In form, the Trust would be neither a private nor governmental entity Instead it would sit somewhere within the part of our social structure known as the civil sector. The Trust would be made up of an international board of trustees with a minimal supporting secretariat, and have access to scientific and economic advice. The primary purpose of the Trust is to ensure that a certain benefit of nature is shared equally among all citizens. Its secondary purpose is to reduce the emission of greenhouse gases currently threatening the world's climate.
The Trust would work as what is technically known as a ’cap-and-trade system' of pollution licensing. It would seek to ’cap' pollution by limiting the issue of pollution permits and it would allow for the free ’trade' of those permits. Those who pollute less can gain by selling to those who pollute more. Permits are fixed term and the Trust collects their value fixed by the market through periodic reissues.
The operation of the Trust would effect the reduction of climate-threatening atmospheric pollution. It would do this through ’internalising' the cost of pollution to the industry that generates the environmental damage a cost which is presently ’externalised' from its balance sheets. In this way the sky's ability to absorb carbon emissions could be regulated so that pollution never exceeds what the atmosphere can recover from.
It's a simple idea: “initial emission rights are given to a trust, which periodically sells them to polluters and distributes the revenue to all citizens equally says Barnes. In his view the Trust can be viewed as “a scarcity rent recycling machine, in which “we, the users, pay scarcity rent for the sky because it's scarce. We, the owners, then get back our share of the scarcity rent because we're the owners.

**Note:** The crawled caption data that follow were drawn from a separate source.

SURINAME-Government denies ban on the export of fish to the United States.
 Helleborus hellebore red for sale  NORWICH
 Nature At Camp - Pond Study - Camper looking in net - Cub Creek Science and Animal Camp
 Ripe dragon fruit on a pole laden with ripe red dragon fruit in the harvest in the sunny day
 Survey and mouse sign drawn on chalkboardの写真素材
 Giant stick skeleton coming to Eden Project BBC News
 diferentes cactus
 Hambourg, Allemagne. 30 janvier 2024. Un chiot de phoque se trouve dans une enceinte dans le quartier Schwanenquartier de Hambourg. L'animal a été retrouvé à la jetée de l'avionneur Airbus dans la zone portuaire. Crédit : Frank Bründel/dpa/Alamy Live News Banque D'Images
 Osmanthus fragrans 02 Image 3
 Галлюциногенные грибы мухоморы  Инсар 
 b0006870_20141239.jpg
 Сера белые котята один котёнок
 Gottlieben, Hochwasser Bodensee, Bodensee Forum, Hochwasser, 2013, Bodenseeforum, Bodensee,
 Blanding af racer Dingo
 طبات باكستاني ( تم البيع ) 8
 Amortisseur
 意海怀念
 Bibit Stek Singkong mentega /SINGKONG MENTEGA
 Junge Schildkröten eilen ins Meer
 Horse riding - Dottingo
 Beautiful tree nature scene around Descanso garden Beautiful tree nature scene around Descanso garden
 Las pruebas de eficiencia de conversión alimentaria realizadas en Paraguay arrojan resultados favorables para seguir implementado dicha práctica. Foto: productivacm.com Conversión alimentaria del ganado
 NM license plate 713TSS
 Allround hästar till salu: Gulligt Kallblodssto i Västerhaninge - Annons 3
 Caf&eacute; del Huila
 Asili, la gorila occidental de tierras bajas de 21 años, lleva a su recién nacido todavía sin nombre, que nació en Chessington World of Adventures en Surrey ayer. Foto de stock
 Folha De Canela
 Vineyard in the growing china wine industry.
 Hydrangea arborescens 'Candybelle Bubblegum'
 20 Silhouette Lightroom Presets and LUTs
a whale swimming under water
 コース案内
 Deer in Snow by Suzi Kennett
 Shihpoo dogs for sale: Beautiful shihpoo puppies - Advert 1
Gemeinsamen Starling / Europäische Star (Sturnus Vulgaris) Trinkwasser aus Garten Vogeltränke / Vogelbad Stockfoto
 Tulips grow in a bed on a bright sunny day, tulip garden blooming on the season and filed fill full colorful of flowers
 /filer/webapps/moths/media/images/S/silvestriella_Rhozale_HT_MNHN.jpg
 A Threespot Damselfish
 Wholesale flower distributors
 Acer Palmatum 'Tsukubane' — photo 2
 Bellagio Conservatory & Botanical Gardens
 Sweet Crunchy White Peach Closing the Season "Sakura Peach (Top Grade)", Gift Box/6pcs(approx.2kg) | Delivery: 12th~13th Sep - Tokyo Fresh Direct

“The Sky Trust's mission would be to preserve the mix of gases in the sky [upon which life depends]. Its trustees would be accountable not only to citizens alive today, but also to citizens yet unborn. They'd have three legal responsibilities: (1) to issue carbon burning permits up to a limit established [democratically]; (2) to receive market prices for those permits; and (3) to distribute the income equally [among all citizens]. Barnes comments: “These responsibilities, as it turns out, are consistent to remarkable degree. In the event there were a conflict between the trustees' responsibilities, preservation of the sky would take precedence.
Barnes describes his Sky Trust as “a non-governmental institution...that charges market prices for polluting the atmosphere and pays each of us an equal dividend. Offering a useful economic solution to one of the biggest environmental problems.